From the Obama administration’s politicization of the IRS and other federal
agencies with easily weaponized investigatory powers to the abuses of
surveillance protocols in the investigation of the Trump campaign
(“antithetical to the heightened duty of candor” in the sterile language of
Rosemary Collyer, the presiding judge at the FISA court), the federal
government has shown itself incapable of deploying its awesome powers in an
honest and politically neutral fashion.
The ethical lapses of the federal government must be
considered in the context of its general incompetence in the matter of
deploying the powers it already has to prevent terrorist attacks such as the
one in Pensacola. Return your minds for a moment to the fact that at least 21
of the Saudi military personnel brought here for training were in possession of
anti-American propaganda, which should have raised counterterrorism concerns,
and child pornography, which is a regular old workaday felony.
Performing background checks on military personnel, who
are under certain obligations that supersede ordinary privacy expectations, is
a relatively easy task. And we are not talking here about members of the
Norwegian military but members of the military of Saudi Arabia, the government
of which is not famous for its interest in the privacy of its subjects or their
civil liberties.
No humility about its shortcomings stopped the U.S.
government from providing these men training in the killing arts at the expense
of the U.S. taxpayer. Nor did it stop the U.S. government from importing a
terrorist who carried out a deadly attack on U.S. soil.
Mature judgment requires us to balance the likelihood
that additional powers will be abused against the likelihood that some good
will come of them, and in this calculation, Washington is found wanting.
Apple is right to look after the privacy interests of its
customers, and to assist law enforcement where doing so is not detrimental to
those interests. And the U.S. government’s law-enforcement and intelligence
operatives are right to do what they can to learn what can be learned from the
communications of terrorists such as Mohammed Saeed Alshamrani. But they are
the ones who have to do their job—it is not desirable that Apple should be
deputized to do it for them, or that Apple should give them a master key to
Americans’ private communications—because the U.S. government already has shown
on many occasions that it simply cannot be trusted with such power.

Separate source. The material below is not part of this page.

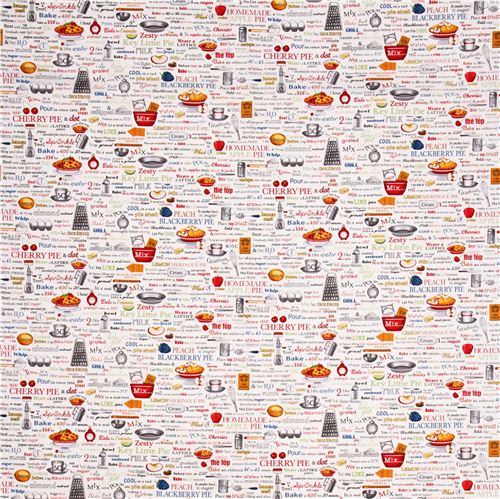 white Kiss the Cook fabric Robert Kaufman cake recipe 2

It is worth remembering that Senator Barack Obama was a
civil libertarian who worried that the PATRIOT Act would undermine the privacy
of American citizens, and that President Obama, only a few blinks of the eye
later, decided that the so-called war on terror invested him with the
unilateral authority to order the assassination of American citizens without so
much as a legislative by-your-leave.
Political power is always growing and generally
metastatic, and the case of Mohammed Saeed Alshamrani is not only—or even
mainly—about Mohammed Saeed Alshamrani.